Client: The natural or legal person with whom Nexus B.V. has entered into an agreement regarding the Work.
Agreement(s): The agreement(s) between the Client and Nexus B.V. to which these general terms and conditions apply.
In Writing: A signed document, letter, fax, e-mail, or any other method of recording and communication agreed upon by the parties.
Nexus B.V.: Nexus B.V. and all companies belonging to or affiliated with it, as referred to in Articles 2:24a and 2:24b of the Dutch Civil Code.
Work: The goods, activities, and services described in the Agreement, to be supplied and/or performed by Nexus B.V.

Article 2 - Applicability

2.1 These general terms and conditions apply to all quotations, concluded Agreements, and all resulting agreements between the Client and Nexus B.V.
2.2 Nexus B.V. expressly rejects the applicability of the Client’s general terms and conditions. Deviations and additions to these general terms and conditions are only binding if agreed upon in writing.
2.3 Any deviating provisions in a quotation issued by Nexus B.V. shall prevail over these general terms and conditions.
2.4 These general terms and conditions were originally drafted in Dutch. In the event of any ambiguities or differences in interpretation, the Dutch text shall prevail.

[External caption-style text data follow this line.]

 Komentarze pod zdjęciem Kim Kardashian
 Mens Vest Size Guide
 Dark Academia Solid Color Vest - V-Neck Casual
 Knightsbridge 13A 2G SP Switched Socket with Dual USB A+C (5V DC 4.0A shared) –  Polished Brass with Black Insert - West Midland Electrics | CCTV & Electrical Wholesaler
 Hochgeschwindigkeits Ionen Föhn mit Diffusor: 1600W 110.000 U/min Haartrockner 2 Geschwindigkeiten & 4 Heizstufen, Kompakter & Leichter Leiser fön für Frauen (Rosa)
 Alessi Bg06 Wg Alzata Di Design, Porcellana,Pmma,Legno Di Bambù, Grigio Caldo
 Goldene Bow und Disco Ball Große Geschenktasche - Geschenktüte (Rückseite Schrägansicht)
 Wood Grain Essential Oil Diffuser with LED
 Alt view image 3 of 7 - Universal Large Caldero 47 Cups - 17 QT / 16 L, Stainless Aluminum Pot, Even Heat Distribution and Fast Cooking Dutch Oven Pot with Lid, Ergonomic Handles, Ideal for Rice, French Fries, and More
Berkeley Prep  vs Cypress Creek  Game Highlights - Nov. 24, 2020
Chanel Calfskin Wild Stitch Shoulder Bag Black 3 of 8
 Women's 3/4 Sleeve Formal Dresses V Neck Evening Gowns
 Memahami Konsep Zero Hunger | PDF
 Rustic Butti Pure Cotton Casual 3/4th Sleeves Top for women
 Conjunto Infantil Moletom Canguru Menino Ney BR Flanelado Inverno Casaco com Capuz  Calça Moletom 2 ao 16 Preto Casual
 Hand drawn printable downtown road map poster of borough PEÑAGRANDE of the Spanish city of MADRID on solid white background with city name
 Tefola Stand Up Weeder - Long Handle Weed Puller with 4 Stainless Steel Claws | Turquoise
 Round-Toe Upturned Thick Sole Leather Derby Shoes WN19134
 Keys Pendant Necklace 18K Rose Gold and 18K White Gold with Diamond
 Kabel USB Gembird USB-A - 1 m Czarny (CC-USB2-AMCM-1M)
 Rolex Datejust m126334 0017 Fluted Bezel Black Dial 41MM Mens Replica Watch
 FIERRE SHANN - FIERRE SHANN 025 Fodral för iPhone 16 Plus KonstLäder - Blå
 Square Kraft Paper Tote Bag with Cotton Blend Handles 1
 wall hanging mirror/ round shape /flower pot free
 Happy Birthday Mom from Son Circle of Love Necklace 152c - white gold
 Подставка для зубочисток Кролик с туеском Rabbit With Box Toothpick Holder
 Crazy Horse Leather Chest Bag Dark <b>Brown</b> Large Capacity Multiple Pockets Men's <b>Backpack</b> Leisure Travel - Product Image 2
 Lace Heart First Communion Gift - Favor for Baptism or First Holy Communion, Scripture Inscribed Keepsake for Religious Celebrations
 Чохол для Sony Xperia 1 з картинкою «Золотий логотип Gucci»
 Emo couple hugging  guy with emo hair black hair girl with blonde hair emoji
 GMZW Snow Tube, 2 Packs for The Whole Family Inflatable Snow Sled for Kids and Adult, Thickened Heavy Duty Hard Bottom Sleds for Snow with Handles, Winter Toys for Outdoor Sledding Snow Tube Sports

Article 3 - Quotation and Formation of the Agreement

3.1 All quotations are non-binding and should be regarded as separate and divisible proposals.
3.2 The intellectual property rights related to the quotation remain vested in Nexus B.V. Information contained in the quotation, including submitted documents, may not be copied, used, or disclosed to third parties without prior written consent from Nexus B.V., without prejudice to Article 17.
3.3 Information provided by Nexus B.V., such as drawings, calculations, descriptions, models, weights, dimensions, capacities, prices, performance data, and other details found in brochures, circulars, catalogues, prospectuses, advertisements, lists, and illustrations, are indicative unless expressly agreed otherwise.
3.4 If the Agreement is concluded in writing, Nexus B.V. shall only be bound from the moment it has signed the Agreement and/or has confirmed the order in writing. The content of the Agreement is determined solely by the Agreement signed by both the Client and Nexus B.V., or by the written order confirmation issued by Nexus B.V. In the event of any inconsistency between contractual documents, the order confirmation of Nexus B.V. shall prevail. Oral promises and arrangements shall only be binding on Nexus B.V. if and to the extent that they have been confirmed in writing.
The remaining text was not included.